Try to confine your gift buying to dollar stores for big savings.

goldye 5pts

Jeff, I don't need to watch the PBS documentary because we're a very frugal couple to begin with.  I spent 13 yrs. working at 2 Staples stores in my area so I'm an expert at consumer shopping behavior. 

1.  Self employed/independent contractors - their shopping behavior is weak because most purchases can be itemized on their IRS 1040 as business expenses and their goal is to reduce income to lower their tax bracket.  The more expenses they incur, the lower the tax bracket.

2.  The guilty working parent - these parents are impulse buyers to reduce the guilt they feel by not spending more time with their kids.  I don't have a survey to prove it, but I can bet that stay at home parents spend far less than working parents due to the fact they have far less money but also because of the time spent with their kids.

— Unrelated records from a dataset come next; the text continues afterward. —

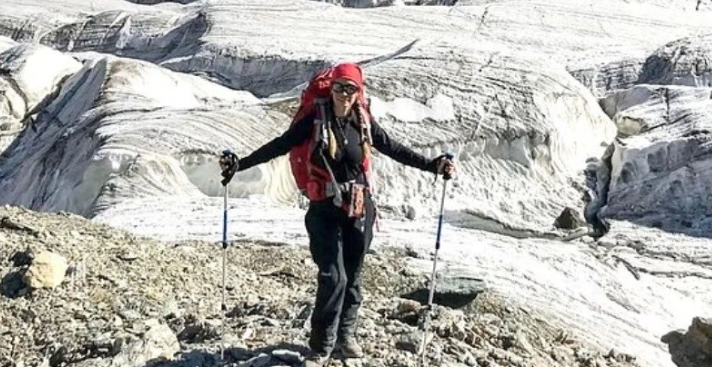 Buscas por montanhista russa Natalia Nagovitsina s&atilde;o suspensas no Pico da Vit&oacute;ria ap&oacute;s 11 dias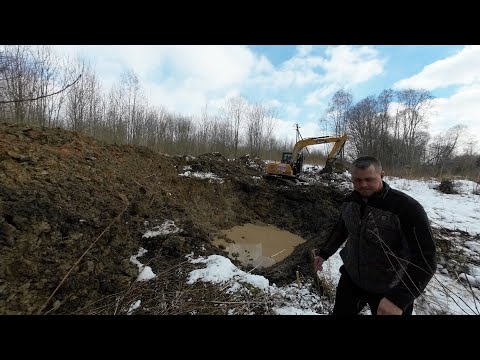 Видео: Запорол Озеро. Напоролся на Гопников!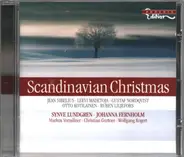 Jean Sibelius, Leevi madetoja, Gustaf Nordqvist, Otto Kotilainen, Ruben Liljefors - Scandinavian Christmas
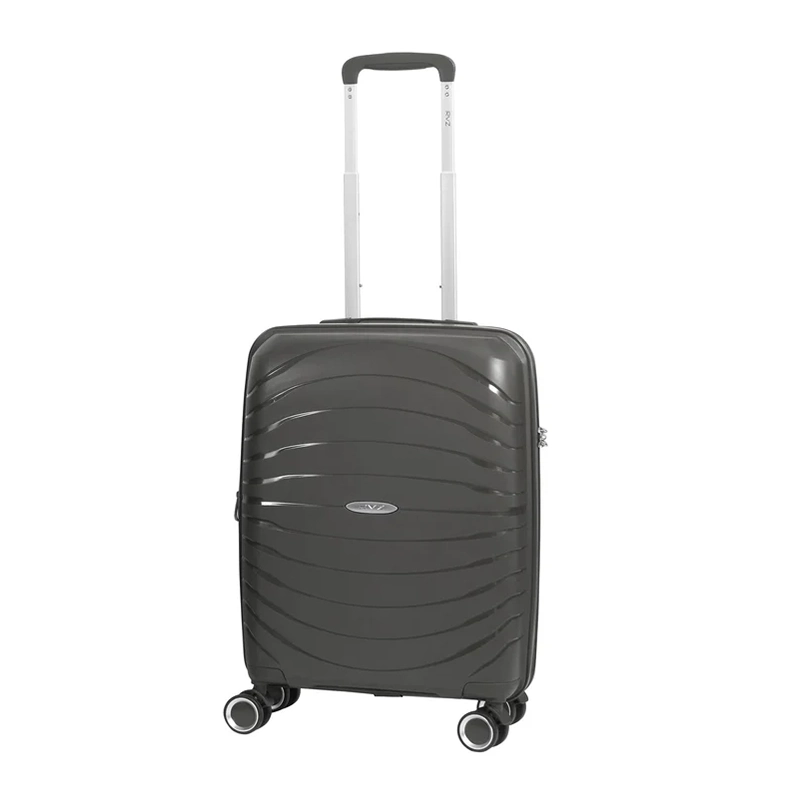 RAVIZZONI TROLLEY CABINA ALASKA 72055 NERO VENTO PELLETTERIE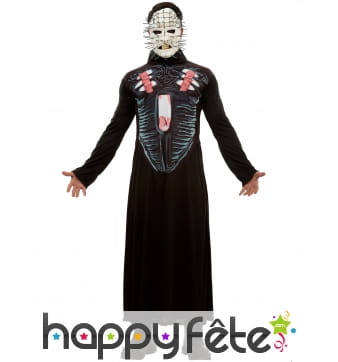 Costume de Hellraiser III pour adulte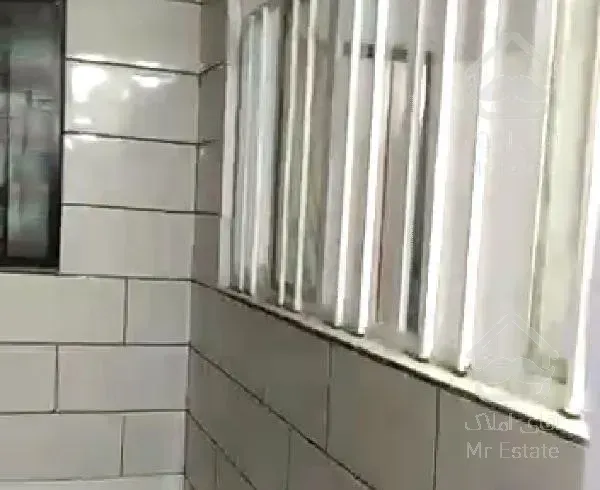 اپارتمان 115متردوخواب غرق نورپشتش فضاسبز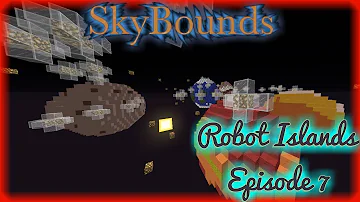 Skybounds~ #7 OUT OF THIS WORLD!!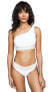 Peixoto 295687 Women's Zoni Top, White, Size M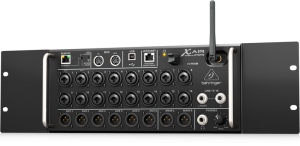 Behringer XR18 цифровой микшер в Томске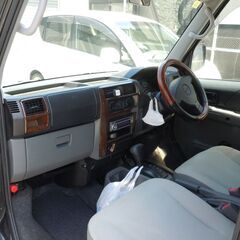 【商談中】平成20年　クリッパーリオG　ターボ　スペシャルパック装着車２WD　ATの画像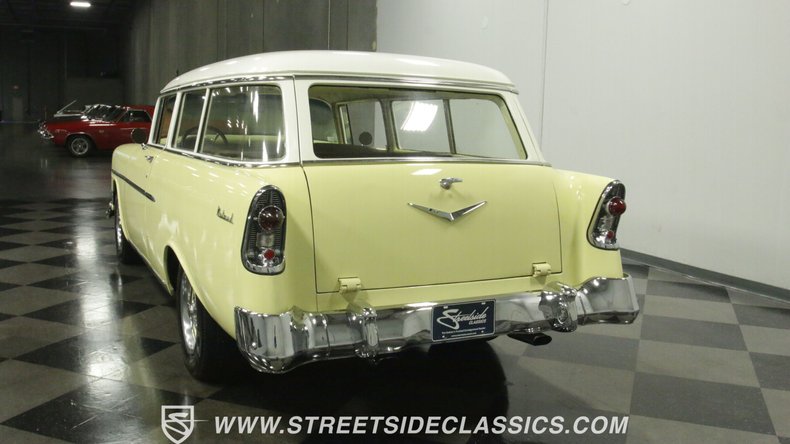1956 Chevrolet 150 10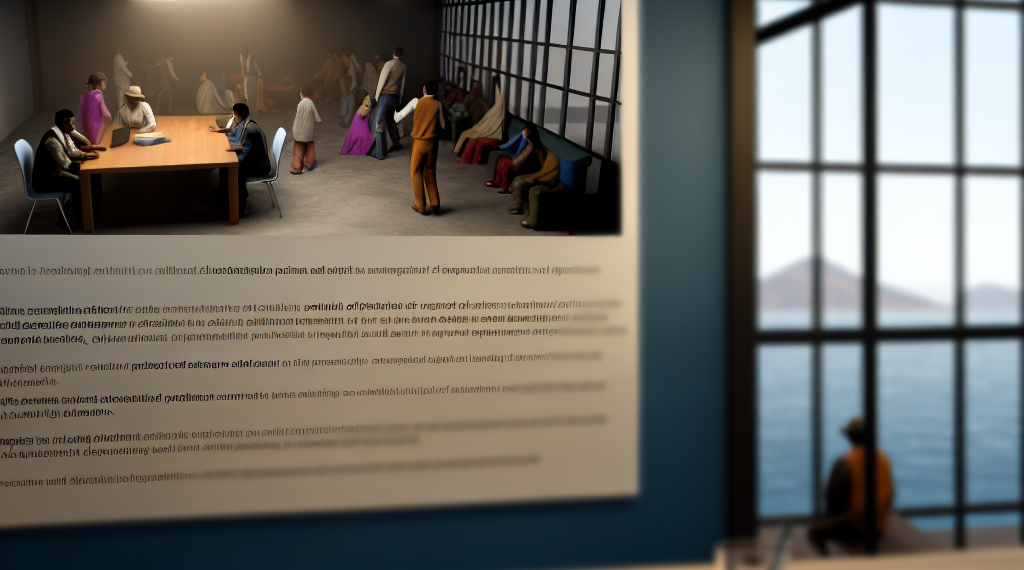 La Casa Blanca dice que actuó dentro de "la ley" en el caso de deportaciones a El Salvador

3. Retail employees - honestly, just because you work in retail doesn't mean you have to buy anything in the store.  Managers & clerks don't earn high enough salaries to frivolously spend just because it's on clearance or it's a "must have" item.  These are the same people struggling to pay off student loans.

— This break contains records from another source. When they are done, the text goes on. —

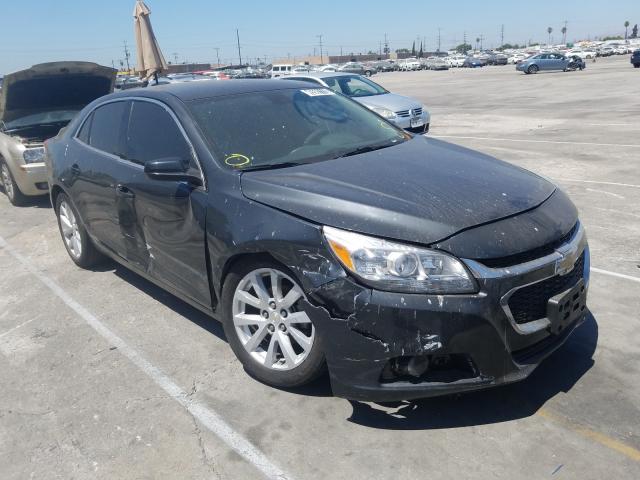 CHEVROLET MALIBU 2LT 2015 1g11d5sl5ff123112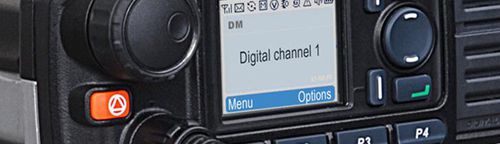 航海无线电设备 - C-Comm - CHANNEL 28 LTD - 固定式 / UHF / IP67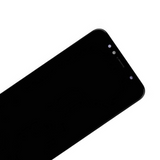 TD® Visiodirect® Vitre tactile + Ecran LCD compatible avec Huawei Y6 2019 Taille 6.09" + Kit outils + Colle B7000 Offerte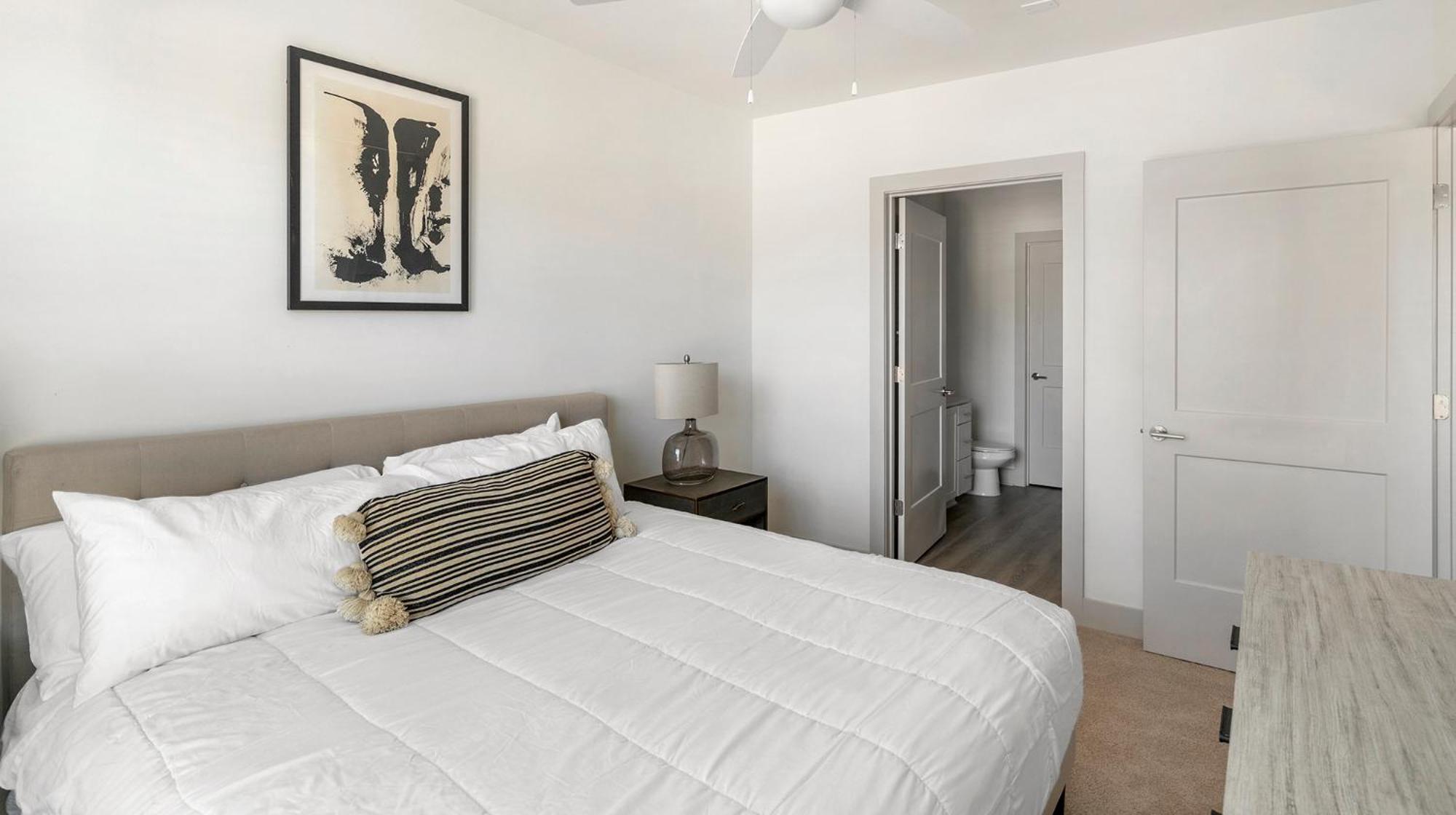 Gallery Apartments By Barsala Huntsville Extérieur photo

As for changing consumer behavior (getting people to save more), the difficulty is American economy is based on consumer spending and marketing is a huge industry whose sole purpose is to alter our psyche into living for today and forget the future. The difficulty is Americans don't hear the consequences of not saving for retirement as much as they hear about the latest iphone.  One is boring while the other is "cool".  I know from 1st hand experience that it's difficult to teach young adults that saving now for the next 40 yrs. will secure their retirement.  We need to teach young adults they need to give up immediate pleasures to secure their future.